Press ? to show this help

Press Esc to hide this help

Lesson 2: Building an MLP in PyTorch

Where this fits

Lesson 1 gave you the activation functions. Module 1 gave you linear layers. This lesson snaps those pieces together into a complete neural network and traces exactly what happens to a state vector as it flows through. Then it shows you how PyTorch packages all of this so you do not have to manage weights manually. The MLP you build here is the same architecture used as a value network in Module 4 and as a regret network in Module 5, just with different input/output dimensions and different training objectives.

What is an MLP?

MLP stands for Multi-Layer Perceptron. It is the simplest complete neural network: a sequence of linear layers with nonlinear activations in between.

The structure is:

Input → [Linear → ReLU] → [Linear → ReLU] → ... → [Linear] → Output

The layers in brackets are "hidden layers." The final linear layer (without ReLU) produces the output. The whole network is a composition of functions applied in sequence.
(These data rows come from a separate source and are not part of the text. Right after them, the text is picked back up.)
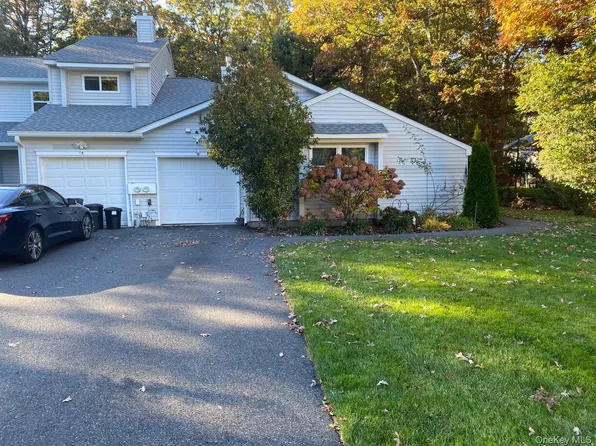 16 Cal Ct Court, Manorville, NY 11949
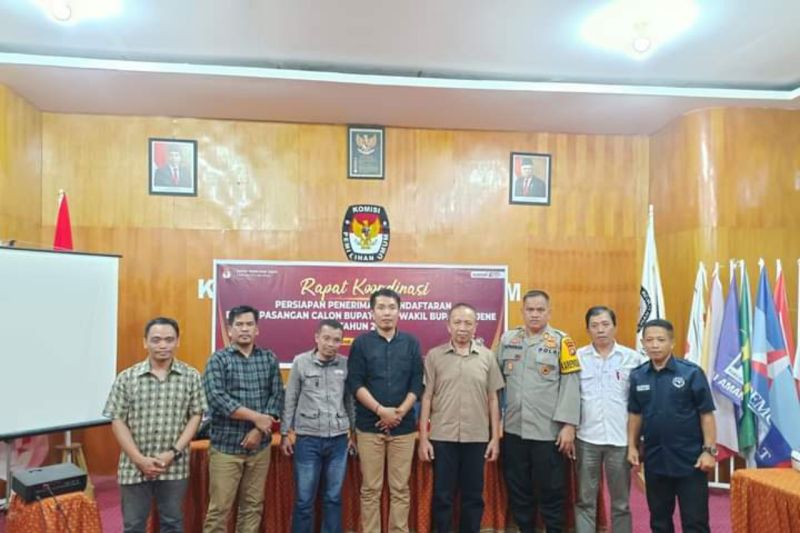 Polres Kabupaten Majene Provinsi Sulawesi Barat (Sulbar) meminta KPU Majene untuk membatasi jumlah massa yang akan mengikuti pendaftaran kandidat pasangan calon (Paslon) bupati (Cabup) dan calon wakil bupati (Cawabup), di Majene, Minggu (25/8/2024) ANTARA Foto/HO Humas Polres Majene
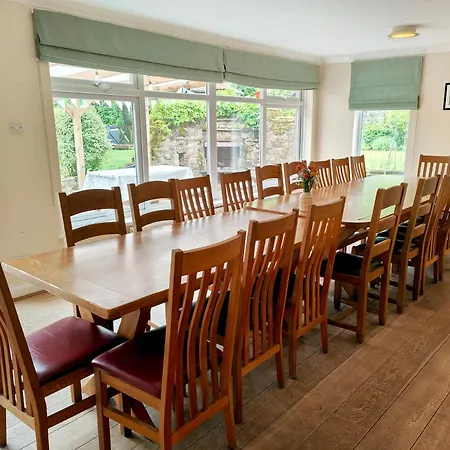 Bush Nook House *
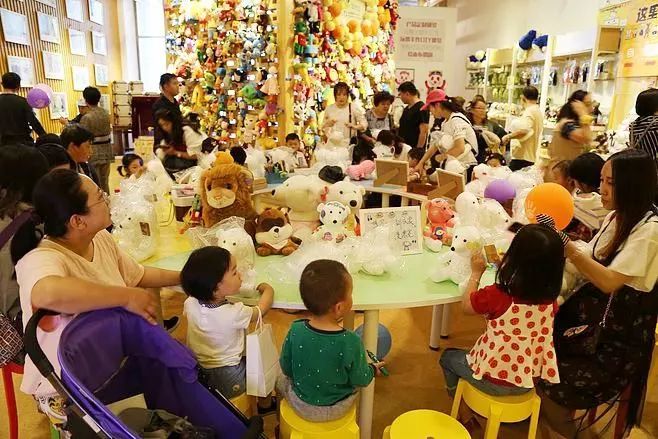 一家50平米小店的老板，如何用社群打垮平台电商？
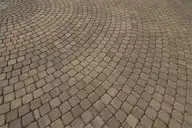 328723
"Multi-layer" means there is at least one hidden layer between input and output. "Perceptron" is a historical term for a single neuron. A multi-layer perceptron is many neurons organized into layers.

Building one by hand first

Before using PyTorch's conveniences, let us trace a forward pass manually through a small MLP. This makes it impossible to treat the network as a black box.

The scenario: you want to estimate how much a satellite operator should trust a new conjunction alert. Your feature vector has 4 inputs:

x = [alert_confidence,   # 0 to 1: how confident the detection algorithm is
     approach_speed,     # km/s: how fast the objects are converging
     miss_distance,      # km: expected closest approach distance
     time_to_tca]        # hours: time until closest approach

Your network has:

  • Input size: 4
  • Hidden layer: 8 neurons
  • Output size: 1 (a single trust score, higher means more urgent)

This is a 4 → 8 → 1 network.

import torch
import torch.nn.functional as F

torch.manual_seed(7)  # reproducible weights

# Layer 1 weights and biases (shape: 8x4 and 8)
W1 = torch.randn(8, 4) * 0.3
b1 = torch.zeros(8)

# Layer 2 weights and biases (shape: 1x8 and 1)
W2 = torch.randn(1, 8) * 0.3
b2 = torch.zeros(1)

# An example alert feature vector
x = torch.tensor([0.85, 7.2, 0.4, 1.5])
print(f"Input: {x.tolist()}")

# ----- Forward pass -----

# Step 1: Linear transformation (layer 1)
z1 = W1 @ x + b1
print(f"\nAfter linear layer 1 (z1): {z1.tolist()}")
# 8 raw values, can be positive or negative

# Step 2: ReLU activation
a1 = F.relu(z1)
print(f"After ReLU (a1):           {a1.tolist()}")
# Negative values become 0; positive values pass through

# Step 3: Linear transformation (layer 2)
z2 = W2 @ a1 + b2
print(f"\nAfter linear layer 2 (z2): {z2.tolist()}")
# A single raw score

# Step 4: No activation on the output (this is a regression network)
output = z2
print(f"Network output (trust score): {output.item():.4f}")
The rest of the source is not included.